The underlying T-SQL for page1 is
SELECT TOP (5) [t3].[PaintingID] AS [Id], [t3].[value] AS [ArtistName]
FROM (
SELECT [t0].[PaintingID],
(CASE
WHEN [t2].[test] IS NULL THEN CONVERT(NVarChar(101),'')
ELSE ([t2].[Surname] + ' ') + [t2].[Forenames]
END) AS [value]
FROM [dbo].[Gallery] AS [t0]
LEFT OUTER JOIN (
SELECT 1 AS [test], [t1].[ArtistID], [t1].[Surname], [t1].[Forenames]
FROM [dbo].[Artists] AS [t1]
) AS [t2] ON [t0].[ArtistID] = ([t2].[ArtistID])
) AS [t3]
WHERE [t3].[value] LIKE '%Adams Charles James%'
ORDER BY [t3].[value]
Notice it's using TOP(5)
The underlying T-SQL for page2 is
SELECT [t4].[PaintingID] AS [Id], [t4].[value] AS [ArtistName]
FROM (
SELECT ROW_NUMBER() OVER (ORDER BY [t3].[value], [t3].[Surname], [t3].[Forenames]) AS [ROW_NUMBER], [t3].[PaintingID], [t3].[value]
FROM (
SELECT [t0].[PaintingID],
(CASE
WHEN [t2].[test] IS NULL THEN CONVERT(NVarChar(101),'')
ELSE ([t2].[Surname] + ' ') + [t2].[Forenames]
END) AS [value], [t2].[Surname], [t2].[Forenames]
FROM [dbo].[Gallery] AS [t0]
LEFT OUTER JOIN (
SELECT 1 AS [test], [t1].[ArtistID], [t1].[Surname], [t1].[Forenames]
FROM [dbo].[Artists] AS [t1]
) AS [t2] ON [t0].[ArtistID] = ([t2].[ArtistID])
) AS [t3]
WHERE [t3].[value] LIKE '%Adams Charles James%'
) AS [t4]
WHERE [t4].[ROW_NUMBER] BETWEEN 5 + 1 AND 5 + 5
ORDER BY [t4].[ROW_NUMBER]
Notice it's using BETWEEN
When I paste the T-SQL commands into SQL Express Management Studio I get the results I've described. If I used the page2 T-SQL and amended the line
WHERE [t4].[ROW_NUMBER] BETWEEN 5 + 1 AND 5 + 5
to be
WHERE [t4].[ROW_NUMBER] BETWEEN 1 AND 5
I get the results I was expecting for page1. i.e.
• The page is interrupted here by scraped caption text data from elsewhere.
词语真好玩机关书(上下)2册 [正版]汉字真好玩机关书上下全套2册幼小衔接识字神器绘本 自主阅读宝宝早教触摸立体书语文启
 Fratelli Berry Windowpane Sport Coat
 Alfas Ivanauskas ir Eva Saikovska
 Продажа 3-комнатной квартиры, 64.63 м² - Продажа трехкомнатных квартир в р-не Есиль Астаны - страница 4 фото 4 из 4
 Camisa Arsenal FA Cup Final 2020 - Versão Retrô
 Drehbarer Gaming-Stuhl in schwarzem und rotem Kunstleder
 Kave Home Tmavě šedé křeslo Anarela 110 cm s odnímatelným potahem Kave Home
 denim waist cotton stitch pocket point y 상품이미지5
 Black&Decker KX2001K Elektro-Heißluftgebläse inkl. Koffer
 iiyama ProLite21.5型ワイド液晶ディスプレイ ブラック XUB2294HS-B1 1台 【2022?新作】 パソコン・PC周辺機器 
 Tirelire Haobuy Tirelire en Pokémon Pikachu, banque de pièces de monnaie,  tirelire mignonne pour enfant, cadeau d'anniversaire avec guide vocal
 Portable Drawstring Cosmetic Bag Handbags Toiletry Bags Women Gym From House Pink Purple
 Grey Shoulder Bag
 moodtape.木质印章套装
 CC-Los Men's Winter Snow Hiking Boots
The first 5 items.
176 ADAMS Charles James
620 ADAMS Charles James
621 ADAMS Charles James
660 ADAMS Charles James
683 ADAMS Charles James
So in a nutshell when the T-SQL uses Between instead of TOP I get the results I expected.
I'm using filtering (where clause), sorting (orderBy) and paging (skip and take) all over my app and need to handle this fairly generically.
Apologies for the long post.
Regards, Simon
Regardless of how the SQL is generated (LINQ or otherwise), if you ORDER BY
a column that has duplicate values, you can get different results every time you run the query.
When you ORDER BY [t3].[value]
you are sorting on a column containing many duplicate values.
You can test this by running a very simple SQL SELECT from Management Studio. Every time you run it, you'll get a different result.
One way to get consistent results is to use ROW_NUMBER
as you have done. Alternately, adding any other column to the ORDER BY
that is unique will cause the results to always be returned in the same order. It doesn't matter whether that other column has anything to do with your query, just that it's unique.